START INFORMATION

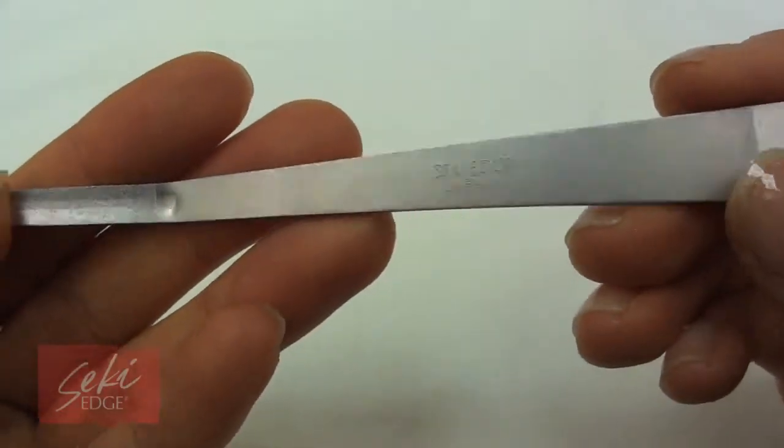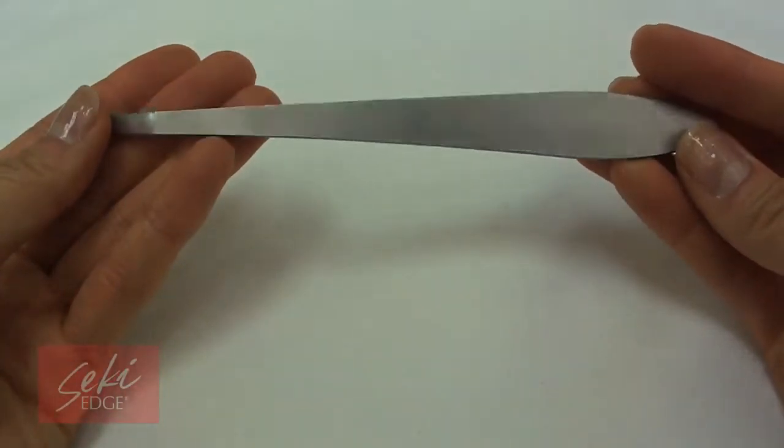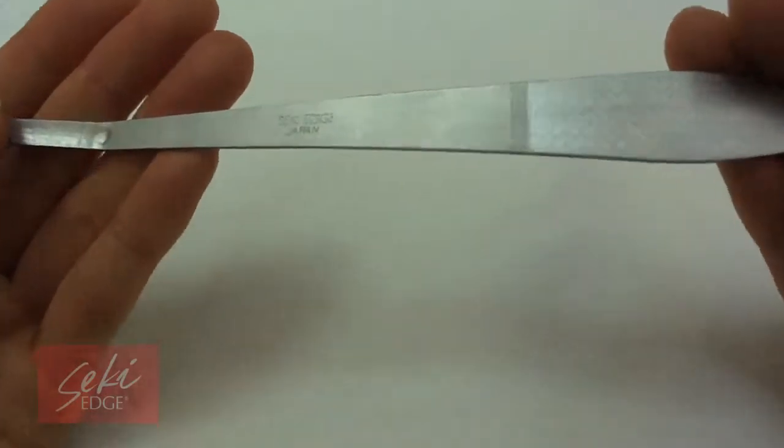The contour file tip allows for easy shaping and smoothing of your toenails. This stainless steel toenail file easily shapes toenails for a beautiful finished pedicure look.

END INFORMATION
START INFORMATION

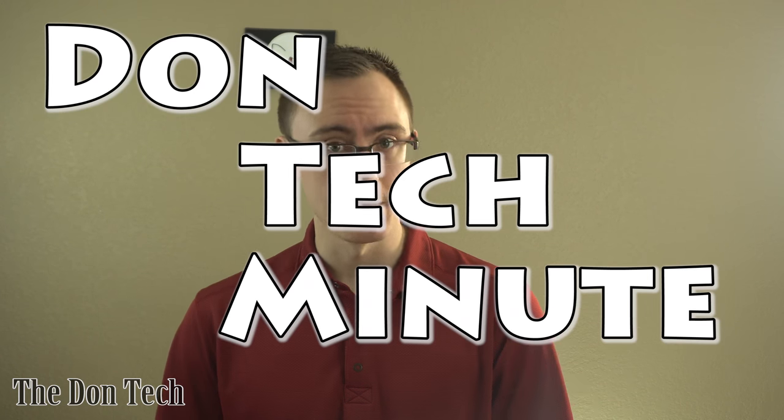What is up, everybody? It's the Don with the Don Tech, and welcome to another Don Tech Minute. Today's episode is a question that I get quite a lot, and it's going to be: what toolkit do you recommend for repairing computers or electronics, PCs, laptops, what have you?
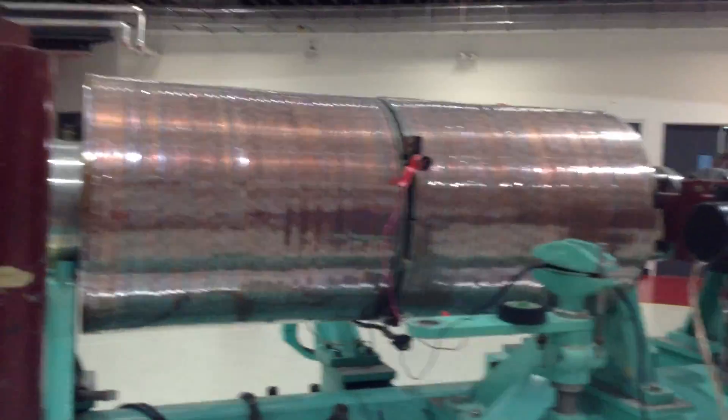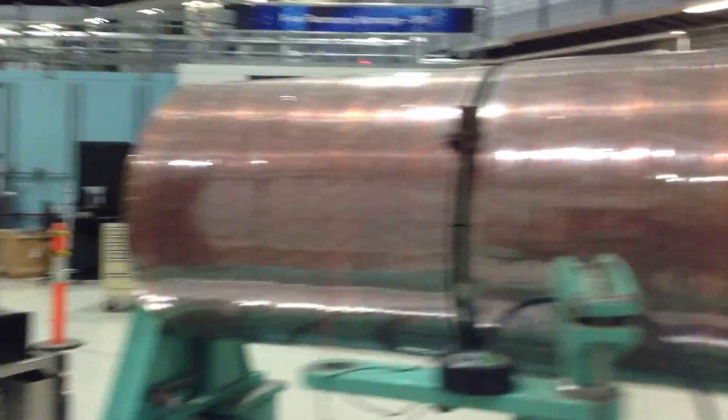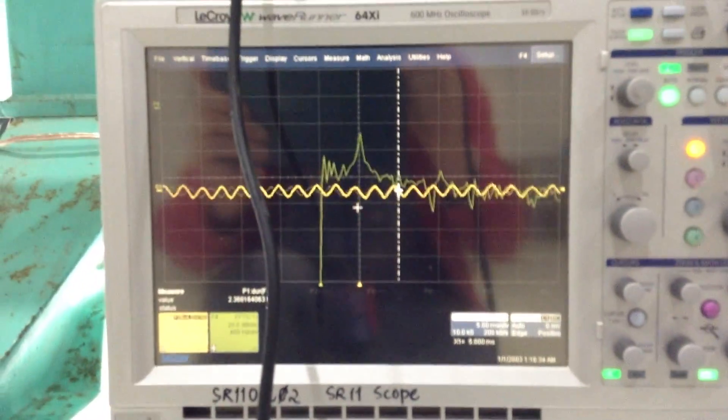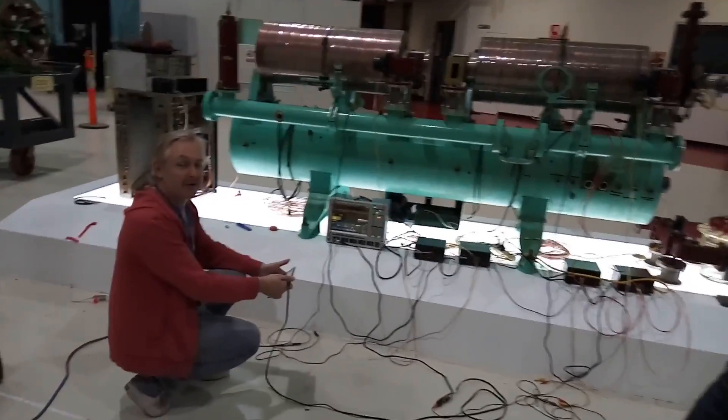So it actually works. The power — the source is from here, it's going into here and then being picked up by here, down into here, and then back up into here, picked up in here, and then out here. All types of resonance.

END INFORMATION

**PROBLEM REQUIREMENTS:** Among the records above, locate the line containing "What is up, everybody?" and the line containing "So it actually", then transcribe exactly the lines starting at the first and ending at the second, with no pictures.

**THE COMPLETED TASK:**
What is up, everybody? It's the Don with the Don Tech, and welcome to another Don Tech Minute. Today's episode is a question that I get quite a lot, and it's going to be: what toolkit do you recommend for repairing computers or electronics, PCs, laptops, what have you?
So it actually works. The power — the source is from here, it's going into here and then being picked up by here, down into here, and then back up into here, picked up in here, and then out here. All types of resonance.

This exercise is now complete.